Mathematical Proof: You Should Just Start Reading in Your Target Language

The goal is to find a function to approximate the ease of reading as a function as progress through a book with the assumption that nothing is known at the beginning of reading.

To create a model to simulate one's mind when reading a book, let's first set up some variables.

Let \(n=\)the number of unique words in the book

Let \(L=\)the total number of words in the book

We will consider the list of unique words in the book to be ordered from most frequent to least frequent and numbered 1 to \(n\)

Let \(p(w)\) be a function that gets the frequency of the \(w\)th word in the list

According Zipf's Law, the frequency of each word will be equal to \(p(w)=\frac{f_1}{w}\) where \(f_1\) is the frequency of the most frequent word (\(w=1\)).

The sum of the frequencies of the words, \(\sum_{w=1}^{n}p(w)\), will be equal to \(100\%\) simply because the chance of a given word being any word in the list of all possible words is \(100\%\).

Therefore, to find \(f_1\) so that we can fully define \(p(w)\), we need to find what value of \(f_1\) will make the equality \(\sum_{w=1}^{n}p(w)=\sum_{w=1}^{n}\frac{f_1}{w}=100\%\) true.

\(\sum_{w=1}^{n}\frac{f_1}{w}=100\%\)

is equivalent to

\(f_1*\sum_{w=1}^{n}\frac{1}{w}=100*\frac{1}{100}\)

because multiplying each term of the sum by \(f_1\) is the same as multiplying the whole sum by \(f_1\) and \(\%=\frac{1}{100}\) by definition. Simplifying the right side and then dividing each side by \(\sum_{w=1}^{n}\frac{1}{w}\) to isolate \(f_1\) then yields:

\(f_1=\frac{1}{\sum_{w=1}^{n}\frac{1}{w}}\)

This cannot be simplified any further because \(\sum_{w=1}^{n}\frac{1}{w}\) is the partial sum of the harmonic series which does not have a simpler solution, but you can use a calculator to calculate it.
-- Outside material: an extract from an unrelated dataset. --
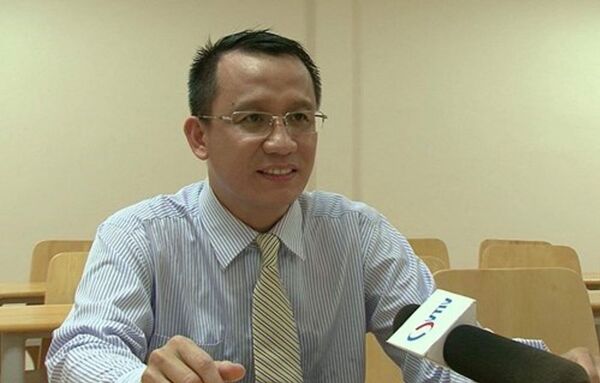 Tiến sĩ - Luật sư Bùi Quang Tín cho rằng, mức phạt hiện nay quá nhẹ so với lợi nhuận thu được từ việc bán chui cổ phiếu. - Sputnik Việt Nam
It can also be approximated by \(\frac{1}{ln(n)}\) (a slight overestimate).

Continuing expanding on the model:

Let \(r=\) the chance of learning a word after seeing it

Let \(k(w,i)=\)the probability of remembering the \(w\)th most frequent word after reading \(i\) words

by the opposite:

\(k(w,i)=100\%-\)the probability of not remembering the \(w\)th most frequent word after reading \(i\) words

from \(i\) repeated independent events (not really independent, but it's only a slight underestimate):

\(k(w,i)=100\%-(\)the probability of not learning the \(w\)th most frequent word after reading a word\()^i\)

by the opposite:

\(k(w,i)=100\%-(100\%-\)the probability of learning the \(w\)th most frequent word after reading a word\()^i\)
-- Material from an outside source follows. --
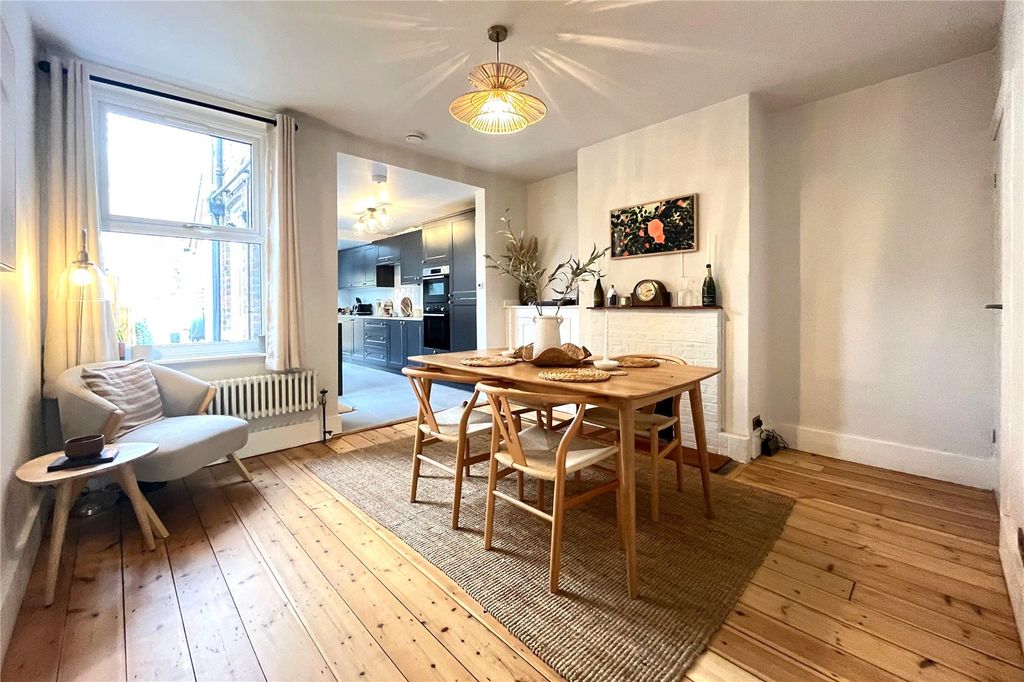 Property photo 3 of 12 Picture No. 08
\(k(w,i)=100\%-(100\%-\)the probability of reading the \(w\)th most frequent word\(*\)the probability of learning a word after seeing it\()^i\)

\(k(w,i)=100\%-(100\%-p(w)*r)^i\)

converting from percents \(100\%=1\):

\(k(w,i)=1-(1-p(w)*r)^i\)

This completes the definition of \(k(w,i)\) because \(r\) is a variable we manually manipulate, \(p(w)\) is already defined, and \(w\) and \(i\) are inputs.

Let \(e_w(i)=\)the probability of remembering the \(i\)th word read

\(e_w(i)=\)the sum of the probabilities of remembering each word after reading \(i\) words weighted by the probability of seeing each word

\(e_w(i)=\sum_{w=1}^{n}(\)the probability of remembering the \(w\)th most frequent word\(*\)the probability of seeing the \(w\)th most frequent word\()\)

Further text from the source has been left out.